Decide at the Last Responsible Moment
Re-reading Lean and XP reminded me to time decisions with learning, not urgency.
Past
In 2008, I read Implementing Lean Software Development. One idea stamped itself on my practice: the last responsible moment. Don’t decide too early; decide when learning peaks and risks are at their lowest.
Around the same time, eXtreme .NET (2005) nudged me toward XP habits I still use—TDD, Refactoring, Customer Collaboration, Pair Programming. I didn’t call it out then, but those books quietly rewired how I ship work.
Present
Nine months ago, I bought Lean and reread it, highlighting every other page with a marker. I noticed how much of my default practice had grown from those seeds. I’m also preparing a new talk for the Agile Leadership Network on Scrum + Agile + AI. Mapping Scrum events and accountabilities, and XP practices, I’m asking: Where does AI help us learn faster so we can decide later and better?
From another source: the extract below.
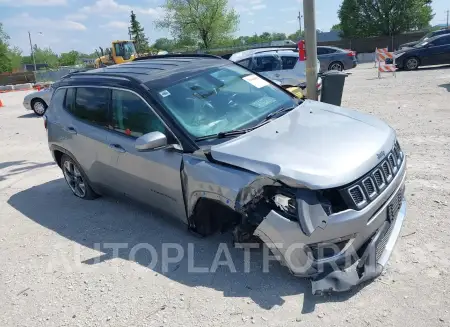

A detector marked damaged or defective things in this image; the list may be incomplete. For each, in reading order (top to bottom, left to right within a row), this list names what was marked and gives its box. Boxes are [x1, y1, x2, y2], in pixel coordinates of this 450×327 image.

damaged jeep compass [45, 53, 408, 294]
crumpled front bumper [253, 160, 408, 296]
To ground it, I’m revisiting XP and conducting a personal study in NotebookLM, utilizing 20 years of posts and 35 talk transcripts. I’m asking it to surface where I’ve practiced Scrum/XP and where AI is already integrated. The surprises are helping me refine both the talk and my day-to-day approach.
Future
Here’s the next turn of the spiral: blend time perspective (past–present–future), the data → information → knowledge → insight → wisdom → impact loop, and visual thinking. The aim is simple:
Learn better now (and tighten the loop).
Improve at making decisions only when necessary.
Could you make the next move with greater context and more confident assurance?